■ Excerpted records
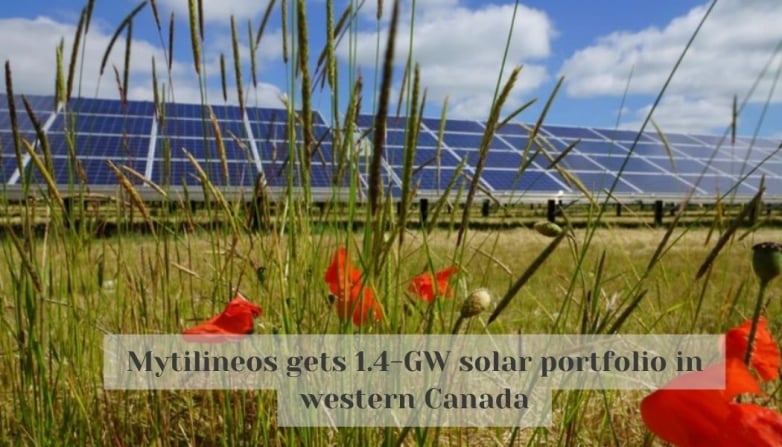 Mytilineos gets 1.4-GW solar portfolio in western Canada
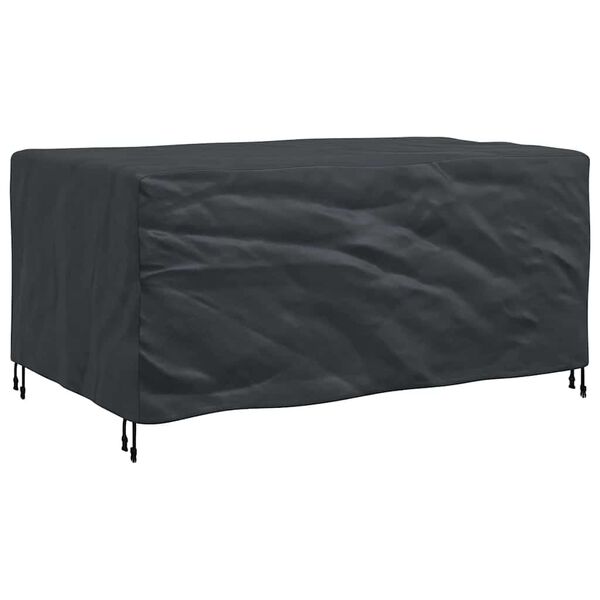 vidaXL M&oslash;belbeskyttelse Ensfarget Svart 172 x 113 x 73 cm 600D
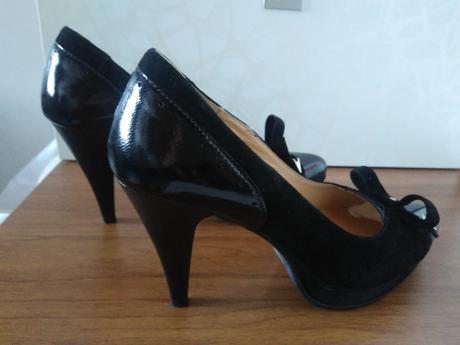 Čierne lodičky s mašličkou, lasocki,37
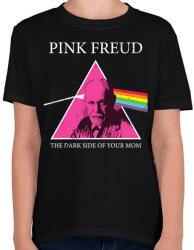 printfashion pink freud - Gyerek póló - Fekete (1892803)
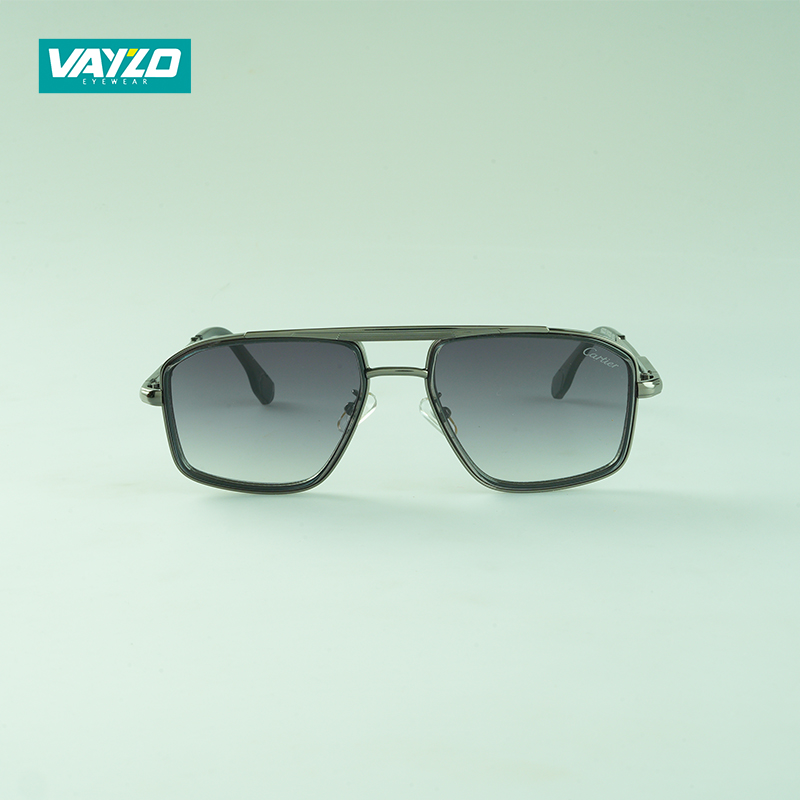 Double Bridge  Ash Black Sunglass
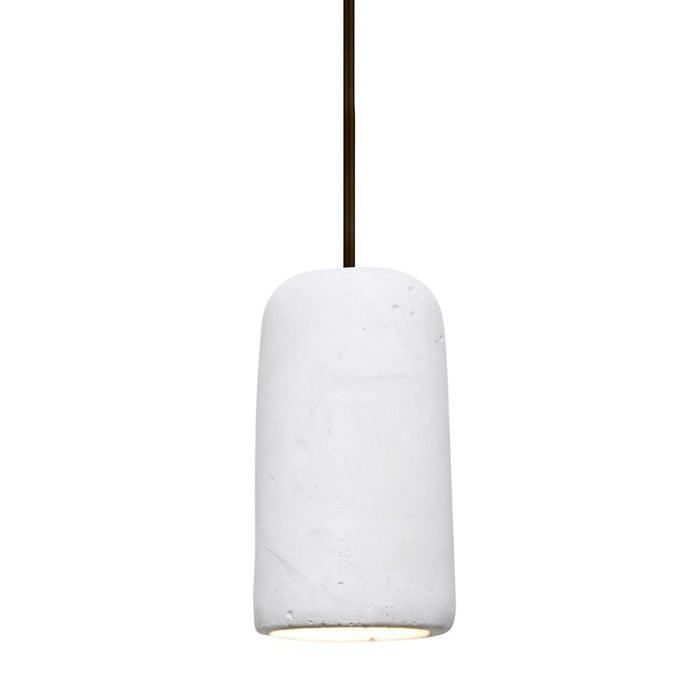 Besa Lighting Glide 1 Light LED Pendant, Bronze/White - 1XT-GLIDEWH-LED-BR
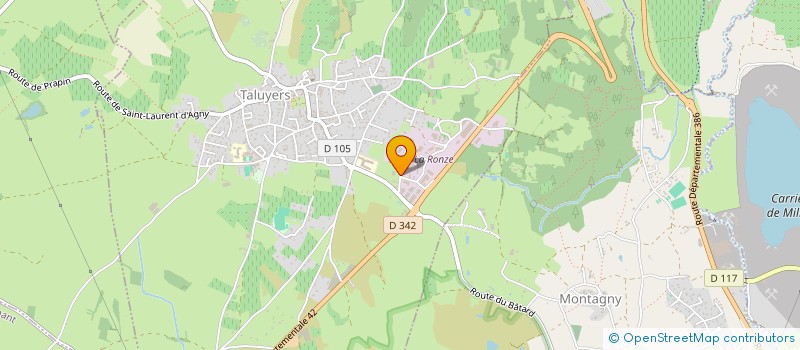 localisation de l'entreprise SARL BERTHINIER à TALUYERS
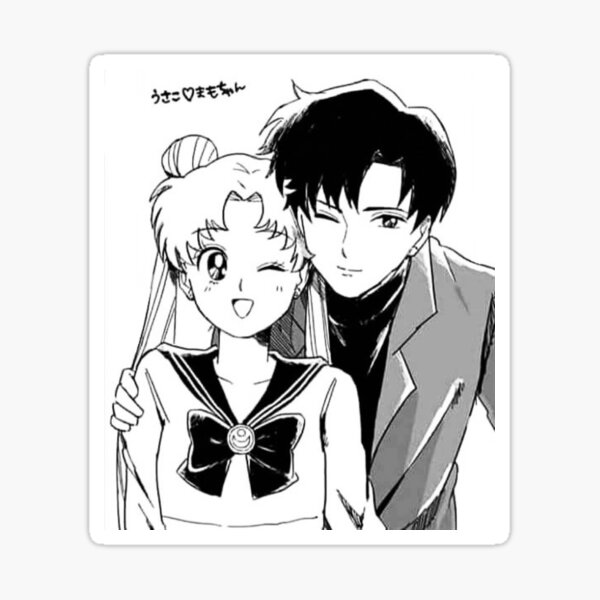 Usagi and Mamoru Sticker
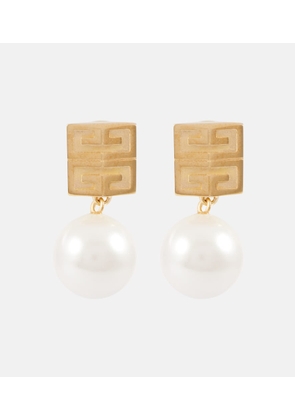 Givenchy 4G embellished brass earrings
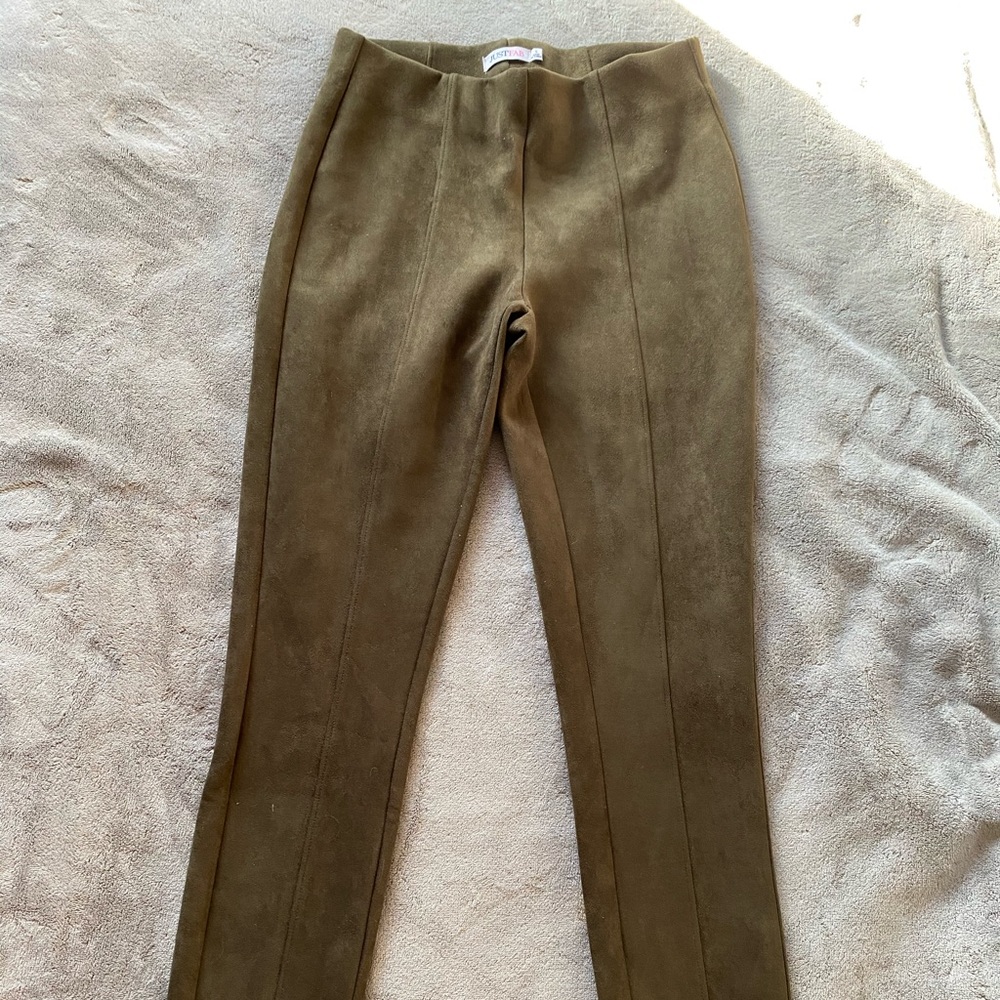 Suede pants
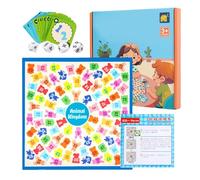 Juegos de aprendizaje de matemáticas: juego de mesa de doble batalla, bingo de multiplicación | Juego de mesa para contar, juegos de matemáticas del Reino Animal para niños, aprendizaje educativo dive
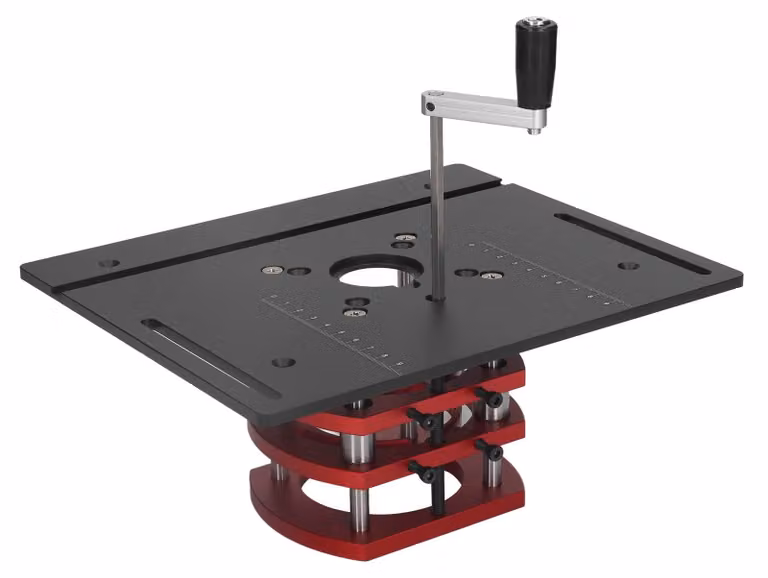 Sollevatore per fresatrici a colonna, corsa di 51 mm, alluminio/acciaio inossidabile, morsetto fisso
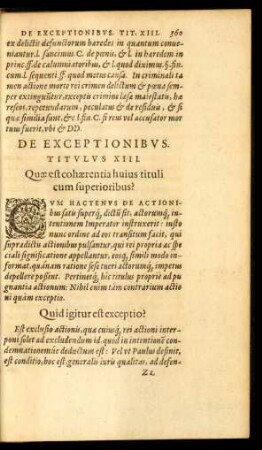 De Exceptionibus. Titulus XIII.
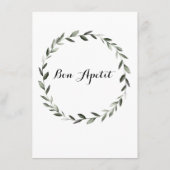 Klassiek  breedmenu menu (Achterkant)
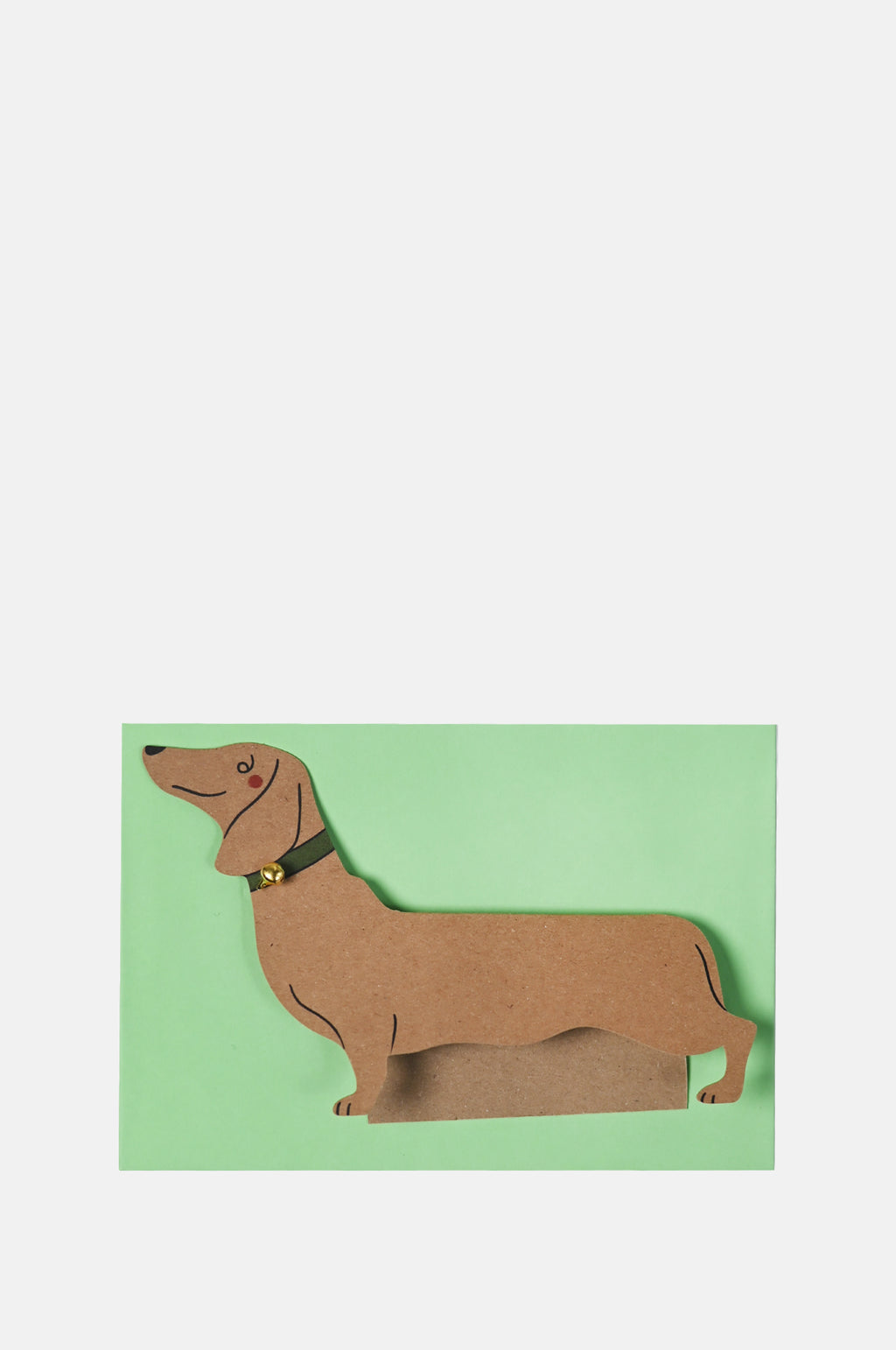 Standing Dachshund Sausage Dog Shaped Greeting Card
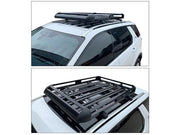 Aluminium Roof Rack Basket Tray Luggage Cargo Carrier 100*140cm by Loveliving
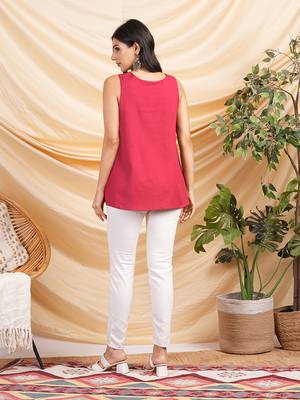 A-line flex embroidered tunic with handwork. 2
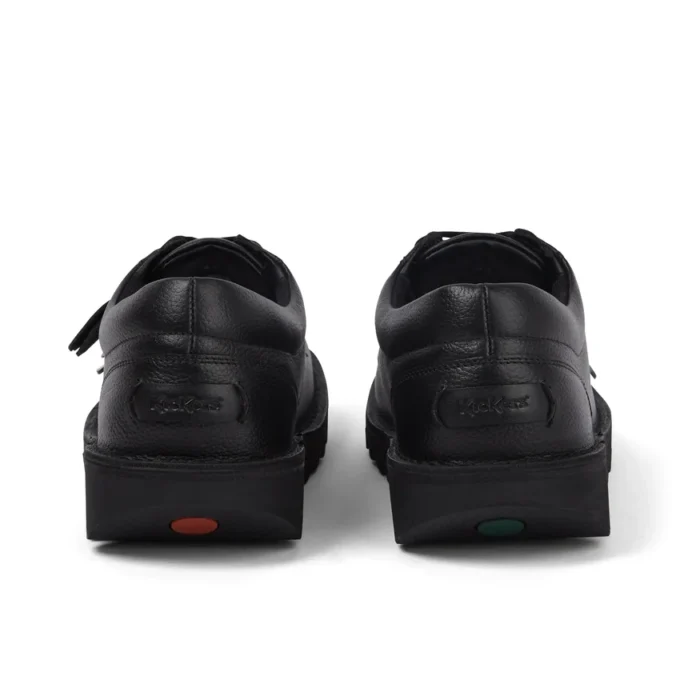 Zapatillas de cuero Kick Lo Tab para hombre, negras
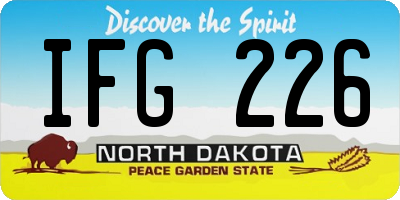 ND license plate IFG226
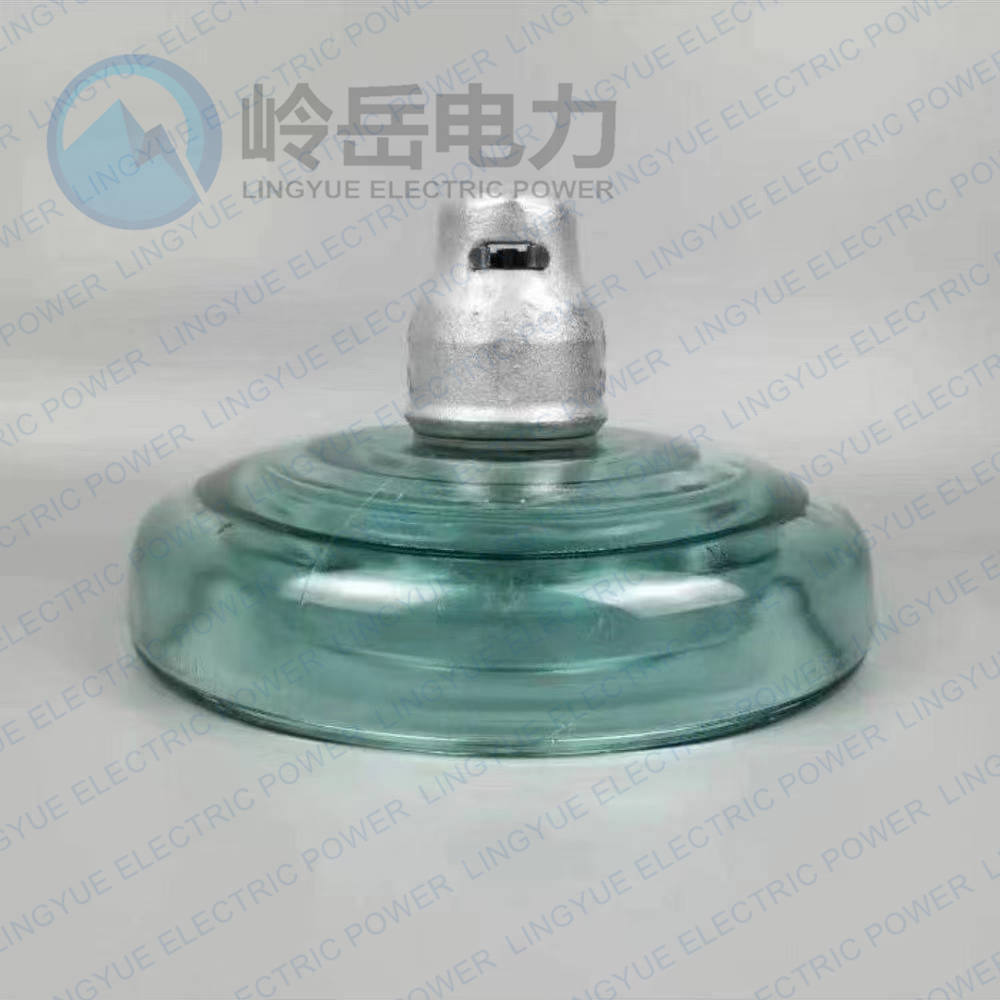 Disc glass insulator 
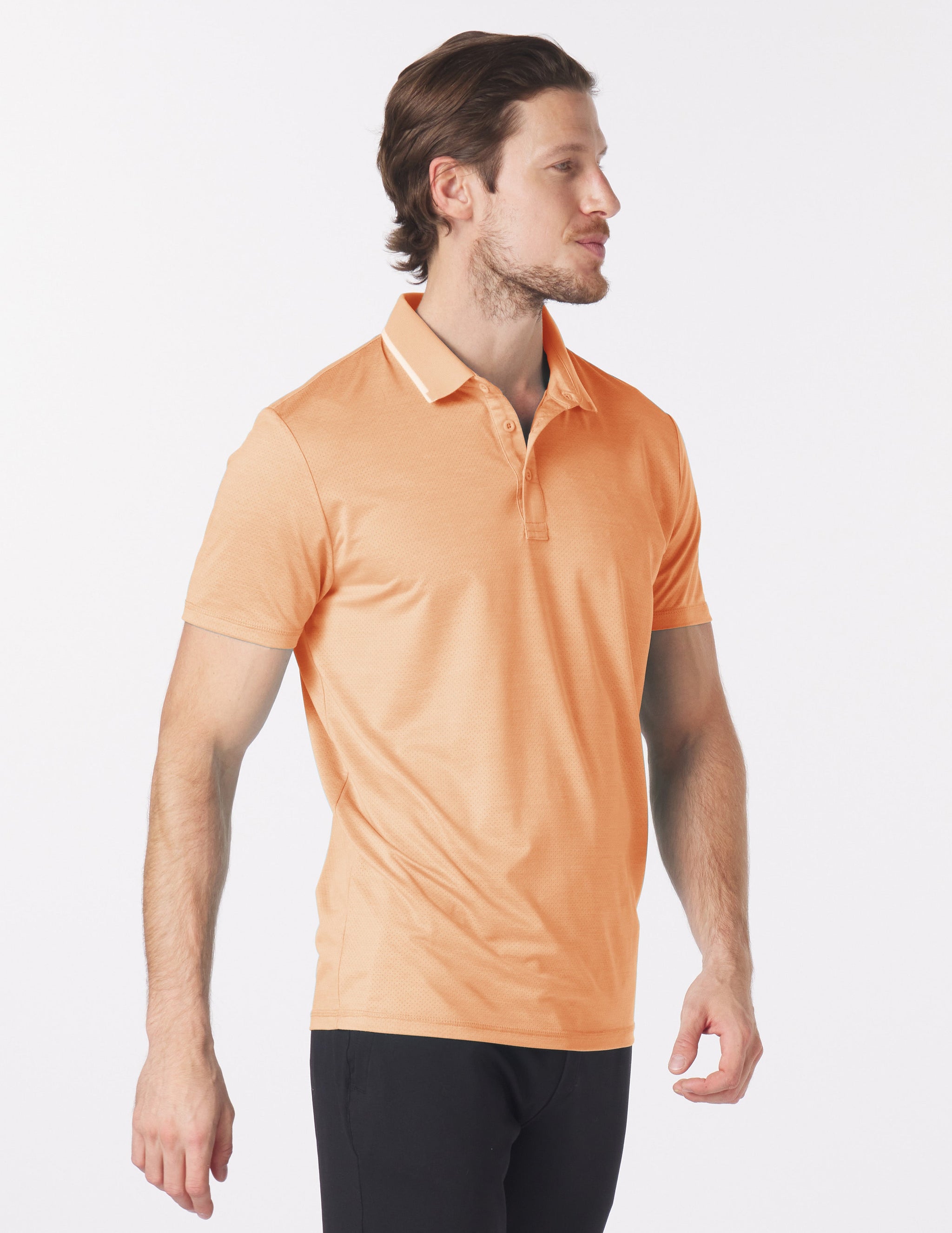 Power Fade Polo: Orange Wine Power Fade Polo: Orange Wine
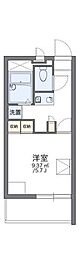 レオパレス三津屋北 1Kの間取図画像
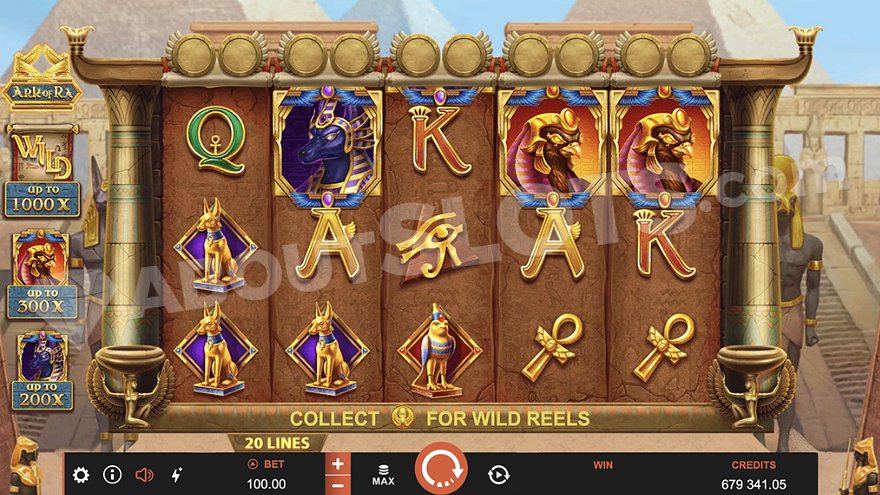 Ark of Ra Slot Game Interface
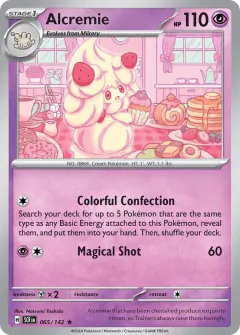 Alcremie Rare card from Stellar Crown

■ Activity
Repeat verbatim the lines from the one with "Givenchy 4G embellished brass earrings" through the end of the listing above. Include both ends, add nothing, and exclude the pictures.

■ Solved problem
 Givenchy 4G embellished brass earrings
 Suede pants
 Juegos de aprendizaje de matemáticas: juego de mesa de doble batalla, bingo de multiplicación | Juego de mesa para contar, juegos de matemáticas del Reino Animal para niños, aprendizaje educativo dive
 Sollevatore per fresatrici a colonna, corsa di 51 mm, alluminio/acciaio inossidabile, morsetto fisso
 De Exceptionibus. Titulus XIII.
 Klassiek  breedmenu menu (Achterkant)
 Standing Dachshund Sausage Dog Shaped Greeting Card
 Aluminium Roof Rack Basket Tray Luggage Cargo Carrier 100*140cm by Loveliving
 A-line flex embroidered tunic with handwork. 2
 Zapatillas de cuero Kick Lo Tab para hombre, negras
 ND license plate IFG226
 Disc glass insulator 
 Power Fade Polo: Orange Wine Power Fade Polo: Orange Wine
 レオパレス三津屋北 1Kの間取図画像
 Ark of Ra Slot Game Interface
 Alcremie Rare card from Stellar Crown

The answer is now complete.